A Google rating of 4.8 from 624 reviews is also worth noting in this context. At this price tier and geographic remove, the review base is self-selecting , these are diners who have made a specific journey and arrived with calibrated expectations. A sustained 4.8 across a meaningful sample reflects execution that consistently meets that calibration.

Practical Planning for Fürstenau

Reaching Fürstenau requires forethought. The village sits in the Domleschg valley, roughly forty minutes by road from Chur, which is the main rail hub for Graubünden and accessible by direct train from Zurich in under two hours. A car or private transfer from Chur is the practical option for most visitors; public transport connections exist but require changes and patience. Given the restaurant's operating hours , the kitchen is closed Monday and Tuesday, with Thursday opening at noon and running through to 11 pm, and Friday through Sunday also running noon to 11 pm , midweek visits require an arrival on Wednesday evening at the earliest, with service resuming Thursday at noon. Wednesday evenings the kitchen operates from 7 pm.

The restaurant operates at a price tier consistent with its three-star peer group across Switzerland and wider Europe. Booking this far in advance is standard at this level: European three-star addresses with significant international demand typically fill months ahead, particularly for weekend dates. For those planning a broader Graubünden itinerary, the full Fürstenau restaurants guide maps the dining options across the village, while the Fürstenau hotels guide covers accommodation.
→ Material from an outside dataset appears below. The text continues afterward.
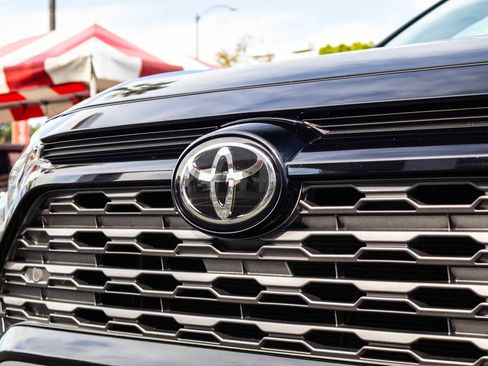 Certified 2020 Toyota RAV4 Limited image 5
Additional context on the area's drinking and cultural offerings appears in the bars guide, wineries guide, and experiences guide.

For those building a Swiss alpine dining itinerary, the regional peer set extends beyond Graubünden. focus ATELIER in Vitznau, Colonnade in Lucerne, Da Vittorio in St. Moritz, and Einstein Gourmet in Sankt Gallen each represent distinct points on the spectrum of Swiss fine dining, from lakeside creative menus to urban European formats.

What Should I Eat at Schloss Schauenstein?

Schauenstein's kitchen operates within a creative European framework that treats alpine produce , and vegetables in particular , as primary material rather than supporting cast. The menu format is tasting-led, consistent with the three-star European tradition, and changes with the seasons. Given the kitchen's documented emphasis on vegetable cookery and regional Graubünden ingredients, plant-based courses are not an afterthought but a signature register. Diners with a genuine interest in creative vegetable cookery will find the menu aligned with that interest at a depth that most European addresses at this tier do not offer. The sustained La Liste score of 98 points and the fifteen-year World's 50 Best presence confirm that this approach has been critically received as coherent and technically accomplished over time, rather than as a passing format experiment. Specific current dishes are leading confirmed directly with the restaurant, as the menu reflects seasonal availability in a region where alpine growing conditions are a genuine constraint.